Thursday, February 18, 2010

Faith IV: The Flexibility of Believing

I think in terms of commitment as well as in terms of faith or belief, all three are bludgeons when faced with the complexities that we try to negotiate with language. I'm more moved these days by story telling than by the reduction of experience to abstraction. In Physics, supposedly simple equations such as the T-shirtable Maxwell's or Einstein's field equations rest on essential wildernesses of experiment and theory, which Physicists know by anecdote and fable as much as from books and personal experience. I think it's the same with these supposedly simple words, which need all human experience to be known intimately. In the end, however, what we give transcends what we know and what we feel, our belief and our faith.

Peter Morgan.

...Theory shares the same Latin root from which we get the word theater (or theatre). Theories then are insights, and as such, aren't true or untrue, rather they let us see into a thing. A new theory doesn't necessarily replace another one, it lets us see differently.

David Bohm; my paraphrase.

I began this foray into faith in response to commentary developing over at 13.7 in the context of science and religion, where a scientist asked, how can he a man of reason, interact with someone like me, a man of "faith"? So I began this continuing exploration of faith by getting at where I think science gets the concept wrong. Here, I'd like to approach it from where I think Christians get it wrong, by comparing faith to certainty- all awhile keeping the admonitions of our two thinkers heading this post in mind.

To begin, let me say that faith is inexorably tied to believe. So what is believe about?

Imagine yourself at home. If you're a young person- pre-family, you have the munchies; if on the other hand, you're intra-family, you need milk; in either case you gotta get in the car and drive to the store. Such a trip is so practiced, driving requires little thought, and you never question returning home safely; i.e. you never bid fond farewells to your loved ones before embarking to the Quicky Mart.

But think about it- how can you know with certainty that you will return safely, until your safety is history? You can't.
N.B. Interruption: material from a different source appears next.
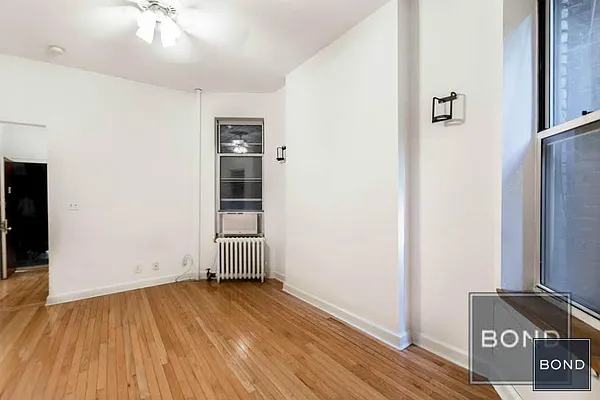 Rented by Bond New York | media 15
Do you believe that you'll return safely? well yes- if you didn't believe it you wouldn't go. I'm stating something simply, but don't let that fool you! Such simplicity is really quite complex as it relies on infrastructure, machinery, stability, practice, and trust in other drivers: and because certainty is an impossibility in situations such as this, we wear seat belts. This is a classic situation requiring our faculty of believing: Believing is an elegant way to live into circumstances where no amount of information can solve a total amount of ignorance or fixate a probability.

Let's compare this to certainty. Grammatically speaking, certainty is innately binary; you can be certain or uncertain. If you want to approach the driving scenario within the framework of certainty, then the consistent thing to do is to leave off your seat belt: why bother with any discomfort- go "commando" and feel free and easy because it's certain you'll return safely. The very basis of believing on the other hand, has its genesis in ignorance: whether the situation is driving to the store, entering into marriage, or picking a career, each situation comes with a boat load of ignorance that we have to live our lives into. In actuality, believing is a robust capacity for living with such innate ignorance.

When it comes to God, Christians often mistake believing for certainty. Because certainty requires a fixed knowledge set, any change to a knowledge set of God, equates to a change in their God; a sense of peril ensues which typically sets off a hornet's nest in the middle of any dialog about God. (Or scientific theory or anything else that stands for turf.)

When you approach God through believing though, you begin with an acknowledged ignorance: so your trust is built on something different than what garners certainty. And without the innate rigidity of certainty- which depends on my concept remaining true, regardless of new information- believing lets God be God regardless of my theology. Believing sets me up to participate with God instead of needing to control who God is.

So when Stephen thinks about God in other terms such as Beauty or Elegance, we are invited to experience God in other ways, because through our capacity of believing, our connection is about God rather than fixed concepts.